### Data for review

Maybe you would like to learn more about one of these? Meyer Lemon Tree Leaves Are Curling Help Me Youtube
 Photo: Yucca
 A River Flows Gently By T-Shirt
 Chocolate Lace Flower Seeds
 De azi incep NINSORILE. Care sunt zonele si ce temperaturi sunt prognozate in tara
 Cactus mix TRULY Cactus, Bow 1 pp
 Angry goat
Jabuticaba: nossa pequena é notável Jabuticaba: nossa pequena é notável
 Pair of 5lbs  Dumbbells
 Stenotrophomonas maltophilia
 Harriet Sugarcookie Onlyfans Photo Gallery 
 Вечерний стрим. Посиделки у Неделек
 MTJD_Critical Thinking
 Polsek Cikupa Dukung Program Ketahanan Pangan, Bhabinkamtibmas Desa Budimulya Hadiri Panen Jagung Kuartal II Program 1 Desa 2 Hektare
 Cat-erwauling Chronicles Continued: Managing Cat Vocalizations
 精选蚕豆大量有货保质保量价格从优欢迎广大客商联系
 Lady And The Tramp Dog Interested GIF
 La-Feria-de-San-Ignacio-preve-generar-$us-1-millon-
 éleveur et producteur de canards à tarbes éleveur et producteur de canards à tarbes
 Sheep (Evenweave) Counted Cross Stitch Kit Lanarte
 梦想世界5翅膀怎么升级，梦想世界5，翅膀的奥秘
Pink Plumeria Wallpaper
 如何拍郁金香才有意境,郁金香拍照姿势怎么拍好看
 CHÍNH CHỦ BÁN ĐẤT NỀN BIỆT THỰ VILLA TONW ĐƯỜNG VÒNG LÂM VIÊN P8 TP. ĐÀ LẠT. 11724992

######

Problem description: Return the lines above, from the one containing "Harriet Sugarcookie Onlyfans Photo Gallery" to the end, exactly as they stand.

Solution for this task:
 Harriet Sugarcookie Onlyfans Photo Gallery 
 Вечерний стрим. Посиделки у Неделек
 MTJD_Critical Thinking
 Polsek Cikupa Dukung Program Ketahanan Pangan, Bhabinkamtibmas Desa Budimulya Hadiri Panen Jagung Kuartal II Program 1 Desa 2 Hektare
 Cat-erwauling Chronicles Continued: Managing Cat Vocalizations
 精选蚕豆大量有货保质保量价格从优欢迎广大客商联系
 Lady And The Tramp Dog Interested GIF
 La-Feria-de-San-Ignacio-preve-generar-$us-1-millon-
 éleveur et producteur de canards à tarbes éleveur et producteur de canards à tarbes
 Sheep (Evenweave) Counted Cross Stitch Kit Lanarte
 梦想世界5翅膀怎么升级，梦想世界5，翅膀的奥秘
Pink Plumeria Wallpaper
 如何拍郁金香才有意境,郁金香拍照姿势怎么拍好看
 CHÍNH CHỦ BÁN ĐẤT NỀN BIỆT THỰ VILLA TONW ĐƯỜNG VÒNG LÂM VIÊN P8 TP. ĐÀ LẠT. 11724992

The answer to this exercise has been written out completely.